7-2-5-2- Rapprochement entre double narcissique, surréalisme et expressionnisme

Poursuivons à présent l’évolution des figures du double. Pour O. Moyano, la sortie de l’espace du double unaire intervient dans le cadre de l’angoisse du huitième mois et renvoie à un espace intersubjectif tridimensionnel avec apparition de l’étranger, et à un espace psychique interne marqué par le dédoublement narcissique. Vers 6 mois un conflit s’amorce. Le visage de la mère commence à se discriminer sur fond de visages étrangers, non-familiers. La figure de l’étranger, en tant qu’elle n’appartient pas au bagage mnémonique du bébé, est différente de celle de la mère. L’image de l’enfant, constituée dans la période du double unaire sur le modèle maternel, se fait relayer par cet autre qui apparaît alors dans son inquiétante étrangeté. L’étranger renvoie une image inquiétante, car non unique, de l’enfant. La relation initiale aconflictuelle s’étiole. Un dehors se met à exister en référence à un dedans en cours de constitution. L’espace topologique se crée, l’autre est « en dehors, à côté » (p 221).

L’angoisse inhérente à cet organisateur est celle de dépersonnalisation (O. Moyano cite Sami Ali sur ce point). Si le sujet ne se reconnaît plus dans l’autre, le risque d’être devenu un autre, différent, est au premier plan. Ce double narcissique, selon l’expression de Sami Ali, est créé par le fait que l’enfant n’est plus identique à lui-même et commence à se construire dans un intervalle autre / soi. Il renvoie selon O. Moyano à l’inquiétante étrangeté. Il s’agit, sans connaître son vrai visage faute d’expérience du miroir, de se sentir ne plus être totalement l’autre sans savoir qui l’on est vraiment. Le sujet éprouve alors un ressenti (et non une angoisse) d’être devenu étranger à lui-même (c’est-à-dire la mère dans la relation de double unaire).

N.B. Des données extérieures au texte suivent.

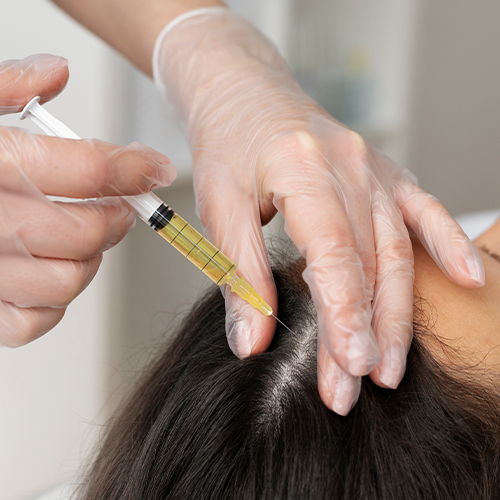 Close-up of doctor injecting hair growth serum in patient scalp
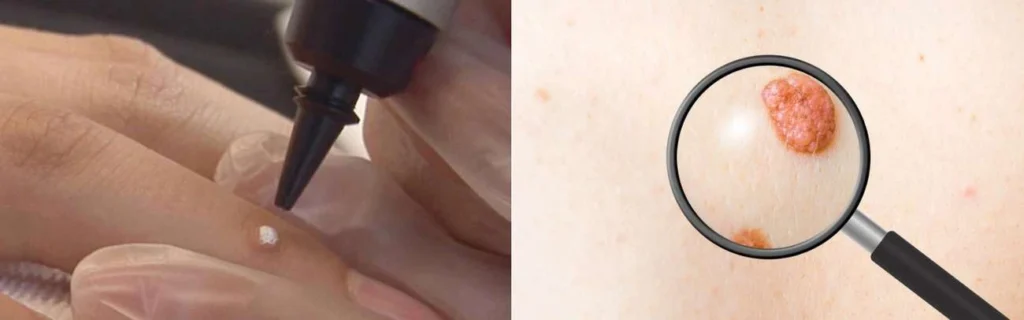 Person getting moles removed with cryopen Earls Barton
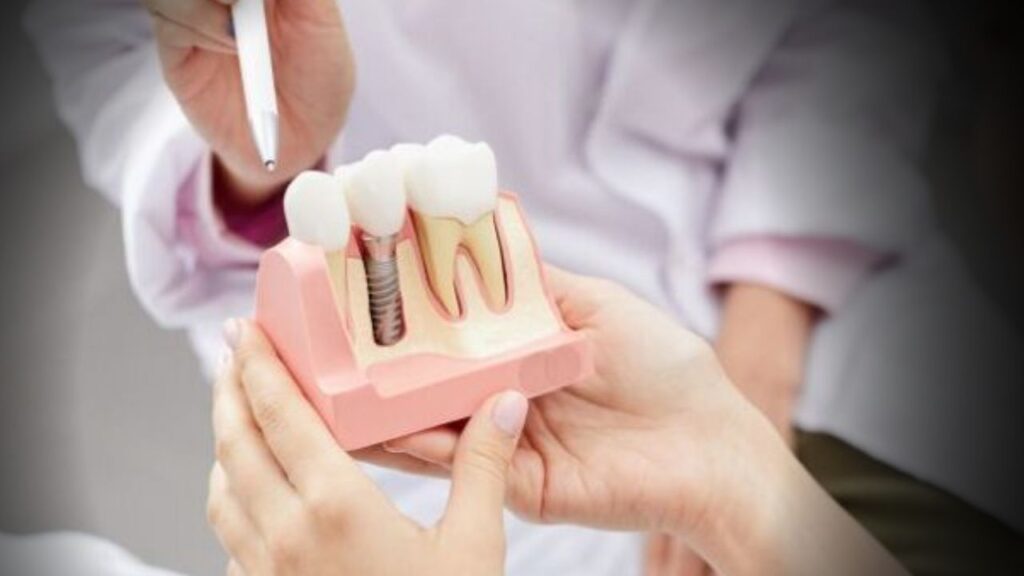 Recuperación y Cuidados Postoperatorios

Pour G. Lavallée (1999), l’expérience de l’inquiétante étrangeté est inhérente à un retour de l’hallucinatoire négatif. L’écran psychique qui en est constitutif vient alors envahir l’hallucinatoire positif (les images transformées et perçues) ; autrement dit le fond envahit la forme pour la détruire. La négation d’une partie du champ visuel, utile pour mettre en sens les stimuli reçus, ne s’opère plus. La conséquence est connue : le familier habituellement présent / absent devient étranger et inquiétant par sa soudaine et unique présence (envahissement). Le fond garde son statut d’enveloppe hallucinatoire négative.

Par rapport aux thèses d’O. Moyano, le sujet ne se reconnaît plus dans l’autre parce qu’il devient capable de placer cet autre dans son champ perceptif, c’est-à-dire que cet autre de la mère, habituellement non dérangeant puisque halluciné négativement, va venir envahir le champ de la conscience sans préparation suffisante. Le trajet pulsionnel, qui permet de voir et passe du scanning inconscient aux transformations symboligènes via un écran hallucinatoire issu de l’introjection d’une mère suffisamment bonne, n’est pas encore complètement constitué. Le double narcissique est une partie de soi, puisqu’une partie du percept non encore symbolisé, confuse (et non ambiguë) se situe dans une limite floue dedans-dehors.